■ Work to complete:
For each line of the data below that holds "Blend", copy the line.

■ Data extracts:
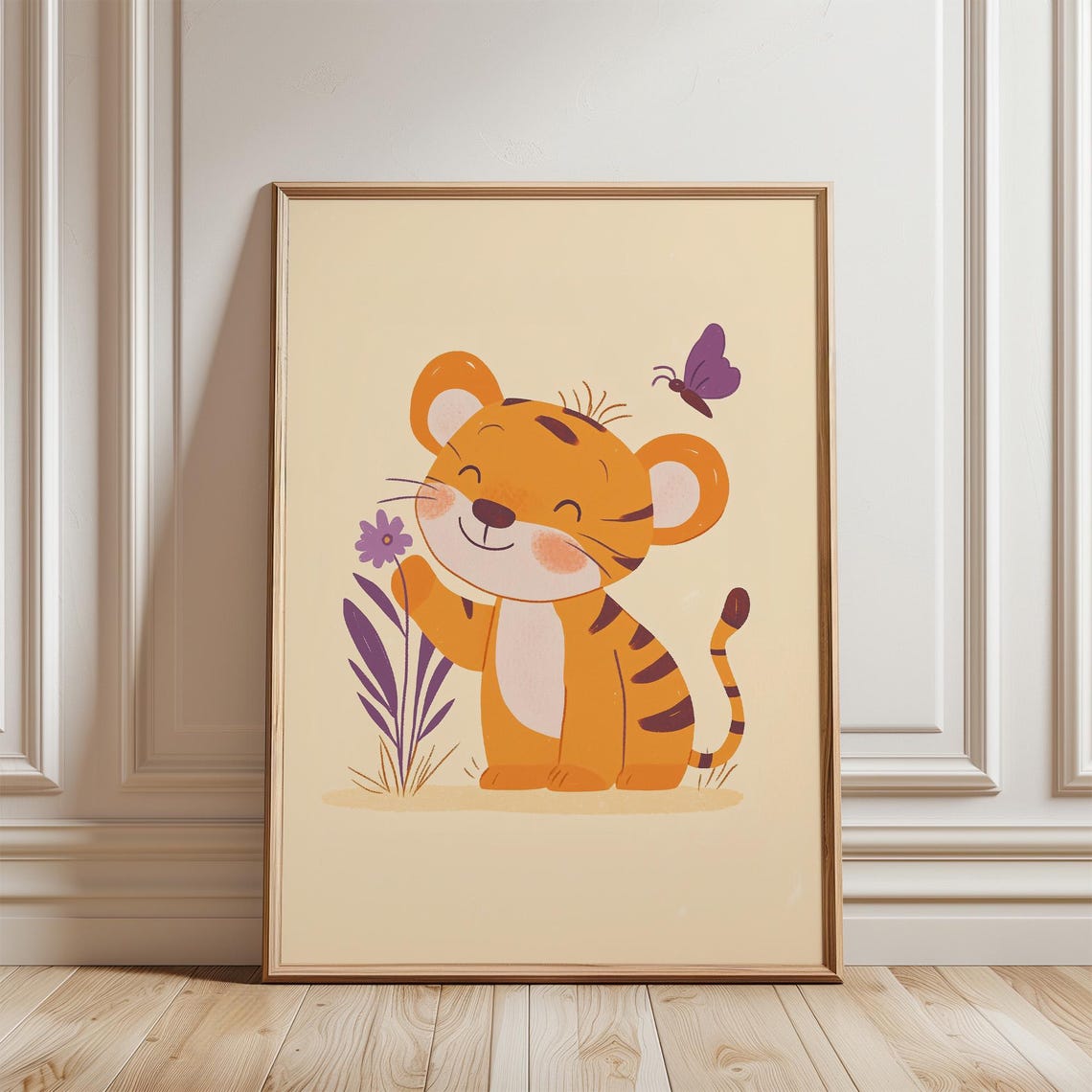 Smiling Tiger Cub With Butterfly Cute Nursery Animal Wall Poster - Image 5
--
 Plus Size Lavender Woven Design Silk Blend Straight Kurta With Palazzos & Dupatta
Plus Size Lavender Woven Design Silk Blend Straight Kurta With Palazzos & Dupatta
==
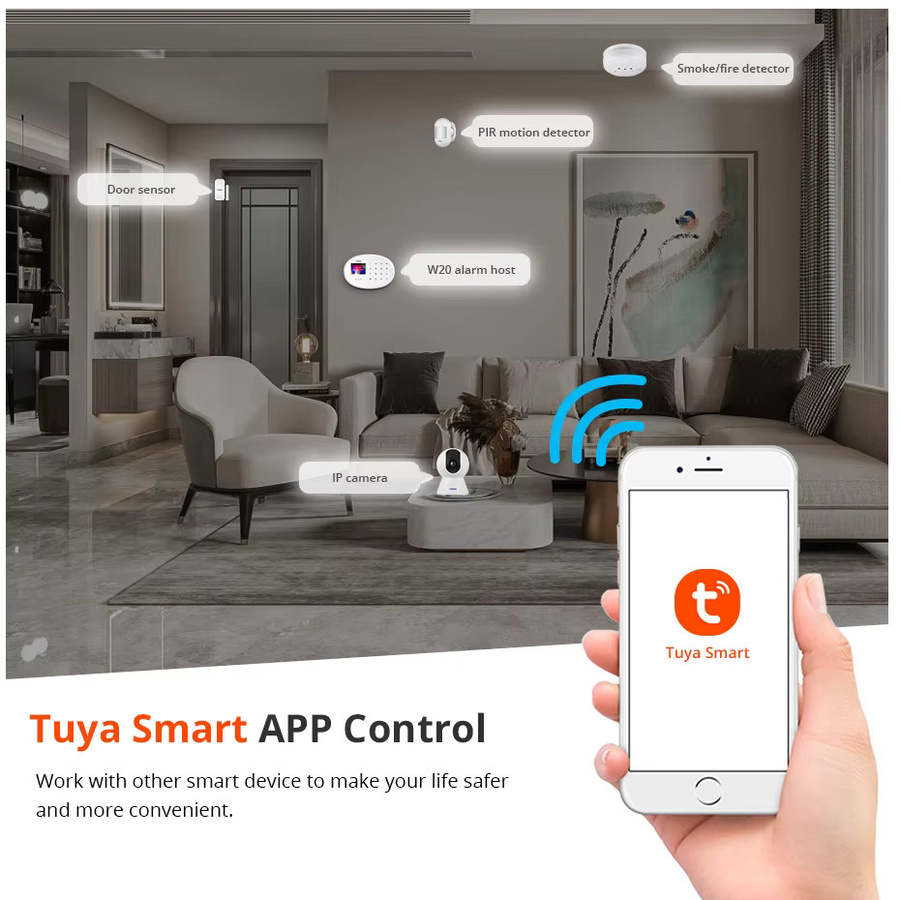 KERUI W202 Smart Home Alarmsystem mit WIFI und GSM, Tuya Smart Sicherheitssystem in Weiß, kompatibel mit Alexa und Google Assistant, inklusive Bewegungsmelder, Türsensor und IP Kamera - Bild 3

■ Result of this exercise:
 Plus Size Lavender Woven Design Silk Blend Straight Kurta With Palazzos & Dupatta
Plus Size Lavender Woven Design Silk Blend Straight Kurta With Palazzos & Dupatta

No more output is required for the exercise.